La Belle au bois dormant
6.5
La Belle au bois dormant

Long-métrage d'animation de Clyde Geronimi (1959)

Oyez, oyez, bonne gens, le royaume est en fête ! En effet, le roi Stéphane et sa femme viennent enfin d’avoir l’enfant qu’ils désiraient tant. Mais alors que le royaume en liesse se presse aux portes du château pour admirer la belle princesse Aurore, et que ses marraines les bonnes fées lui offrent des dons, voilà que la sinistre sorcière Maléfique vient troubler l’allégresse générale, jalouse de n’avoir pas été invitée. En punition, elle lance une malédiction sur Aurore : à l’âge de ses seize ans, la princesse se piquera le doigt à une quenouille et mourra. Pour conjurer le sortilège, les fées décident d’emmener Aurore vivre avec elle dans une chaumière isolée, dont elle ne sortira que seize ans passés. Mais on n’échappe pas aussi facilement à son destin, aussi sombre soit-il…
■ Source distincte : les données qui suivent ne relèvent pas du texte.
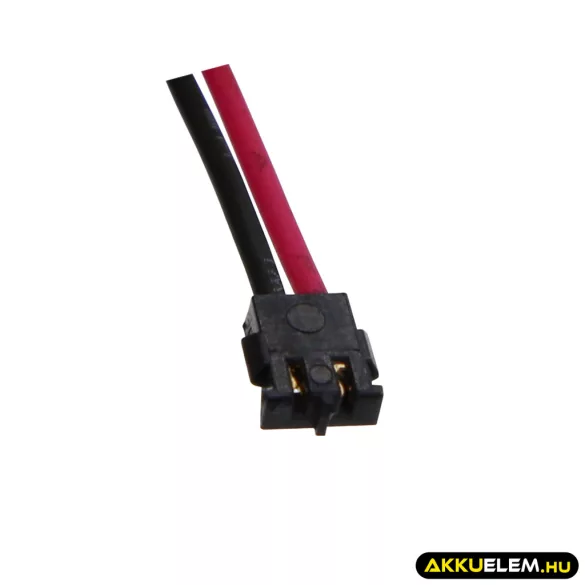 Utángyártott Garmin Okosóra Li-Polymer akkumulátor 3.7V 160mAh 361-00108-00, 361-00108-01 - CameronSino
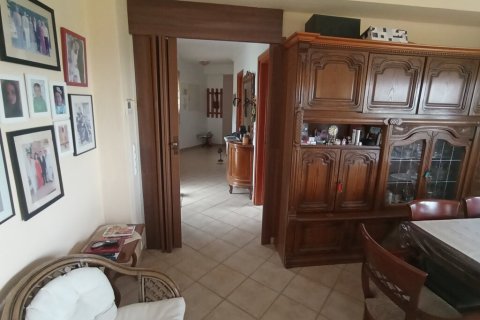 Дом с 6 спальнями в Термаикос, Греция №107839 24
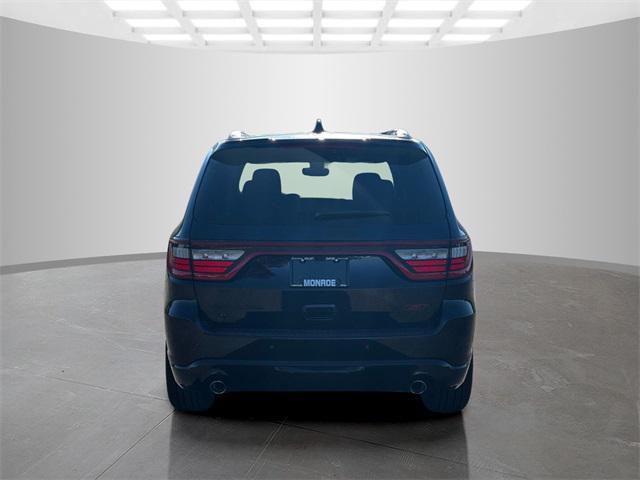 new 2026 Dodge Durango car, priced at $42,896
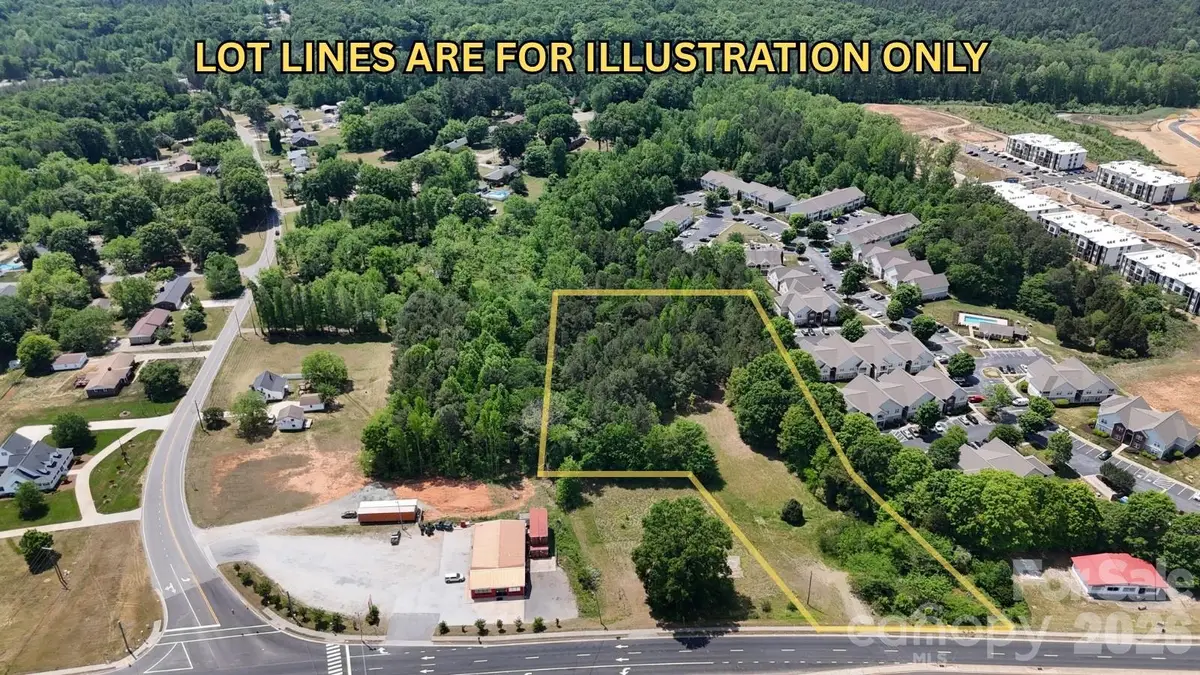 2575 Statesville Boulevard, Salisbury, NC 28147 - #1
Parmi les grands mystères propres à notre monde contemporain, il faudrait tenter d’éclaircir celui-ci : comment une telle merveille cinématographique a-t-elle pu laisser de marbre le public américain des années 1950 ? Car La Belle au bois dormant est sans nul doute la suite spirituelle de l’incroyable film à succès Blanche-Neige et les sept nains, dont il exacerbe la qualité de manière brillante.
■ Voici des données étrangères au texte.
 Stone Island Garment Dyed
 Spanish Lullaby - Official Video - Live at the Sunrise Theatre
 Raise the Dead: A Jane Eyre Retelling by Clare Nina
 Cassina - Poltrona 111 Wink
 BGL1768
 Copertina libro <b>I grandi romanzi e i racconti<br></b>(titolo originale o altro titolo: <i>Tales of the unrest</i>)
Paradoxalement, alors que le dessin animé de Clyde Geronimi, vétéran du studio, est l’incarnation même de tout ce qui fait la magie Disney, c’est pourtant loin du regard du grand maître de l’animation que se déroula la production de cette Belle au bois dormant. En effet, lancé à la suite du grand succès remporté par Cendrillon, à l’époque où le public redécouvrait la magie des contes de fées revus par le studio aux grandes oreilles, le film fut la grande victime du développement parallèle du parc Disneyland, auquel Walt Disney consacrait l’essentiel de son temps.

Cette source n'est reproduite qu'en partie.